As the Chair of the Department of Art and a professor of art history at UMaine, Wolff’s research on visual culture and American art is utilized to navigate and understand the connection between art and science. He discussed how there has been an ecological turn in art history, exhibitions, and museums, and how art and ecology find themselves at this intersection. He presents the different frameworks for thinking about art and ecology.
“Critics, working in the midst of the ecological turn, point out as well that these kinds of photographs, these kinds of images more generally can perpetuate the human-centered view that at its worst can be seen as a colonization of nature,” Wolff said. “And what they mean is that they prefer natural forms that conform to modernist aesthetics specifically to the clean, streamlined, symmetrical and repetitive forms that characterize mid-century modern art in the United States. So this is what some critics mean when they say that we can see such imagery as a colonization of nature with culture.”

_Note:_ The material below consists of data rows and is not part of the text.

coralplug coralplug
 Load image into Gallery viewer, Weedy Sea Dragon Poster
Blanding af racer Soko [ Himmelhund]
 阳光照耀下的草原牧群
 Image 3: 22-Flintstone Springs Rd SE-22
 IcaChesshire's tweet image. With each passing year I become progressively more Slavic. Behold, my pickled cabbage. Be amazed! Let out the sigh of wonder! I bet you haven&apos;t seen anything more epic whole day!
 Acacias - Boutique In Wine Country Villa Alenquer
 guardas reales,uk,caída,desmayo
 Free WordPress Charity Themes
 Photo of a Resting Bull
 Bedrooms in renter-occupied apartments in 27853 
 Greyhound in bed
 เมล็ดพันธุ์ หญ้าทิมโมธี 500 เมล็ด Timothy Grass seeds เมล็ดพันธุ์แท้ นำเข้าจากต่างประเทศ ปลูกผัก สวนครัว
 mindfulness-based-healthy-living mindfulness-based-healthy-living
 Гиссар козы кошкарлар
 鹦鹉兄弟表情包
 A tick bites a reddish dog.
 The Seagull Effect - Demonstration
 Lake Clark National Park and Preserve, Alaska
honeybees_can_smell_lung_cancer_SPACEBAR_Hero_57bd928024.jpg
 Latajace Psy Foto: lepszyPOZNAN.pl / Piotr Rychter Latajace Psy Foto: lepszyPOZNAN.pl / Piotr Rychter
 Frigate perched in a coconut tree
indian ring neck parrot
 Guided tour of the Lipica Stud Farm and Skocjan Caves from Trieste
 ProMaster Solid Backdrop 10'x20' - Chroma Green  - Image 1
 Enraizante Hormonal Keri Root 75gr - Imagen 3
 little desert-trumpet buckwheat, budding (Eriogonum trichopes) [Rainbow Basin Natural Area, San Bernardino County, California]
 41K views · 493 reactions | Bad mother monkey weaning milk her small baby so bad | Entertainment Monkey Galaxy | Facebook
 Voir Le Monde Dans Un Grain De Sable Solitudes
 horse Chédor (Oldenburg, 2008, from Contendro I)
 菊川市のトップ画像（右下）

Wolff then discussed how in art, artists must also research their subjects to create pieces that fully represent the subject. An example being how in 1502 Albrecht Dürer cared so much about observing a young hare that he looked over every resource to get it right for his piece, Young Hare. This ambition to capture the animal’s essence continued 350 years later as Martin Johnson captured the iridescence of tropical hummingbird feathers in sixteen painted portraits in Brazil. Wolff continued to discuss how this intersection will be visualized in the upcoming year with the UMaine Arts Initiative Seed Grant and Art & Creative Ecologies Series (ACES).
“[L]et me just say that this model that we’re looking at is art and ecology, a model where in we see an artist’s reverence in observational skill corresponding with the scientists curiosity and observational needs. In other words, we might think of these works where an artistic observation is useful in part for scientific evidence,” Wolff said.
Further into the talk, Smith, the director of the intermedia program and interim director of the Lord Hall Gallery at UMaine, described how she has embraced environmental and community-based issues in her artwork.
“Art is not a thing. It is a way,” Smith wrote at the beginning of her portion.
This attitude aligns with her work, pertaining to the overarching need for artists to use their abilities to spread awareness of issues within the community.
At the end of the talk she presented the Visual Forestry Intermedia Collaboration, which is an example of how the disciplines of art and science can work together. Here, she showed how working with the researchers to create work can better help the spreading of knowledge in the community. Smith continued by discussing a recent project at UMaine that brought people together to work on a quilt and share their stories about gender-based violence and harassment.
“It’s out there in the world attempting to enact change, and to interrupt and disrupt. It’s really important that we recognize that. And so the work that we did with the area advocacy and response organizations created a kiosk that’s just right off of the frame of the photo, where all of the information was available, support groups were formed, and connections to the resources that folks might need,” Smith said.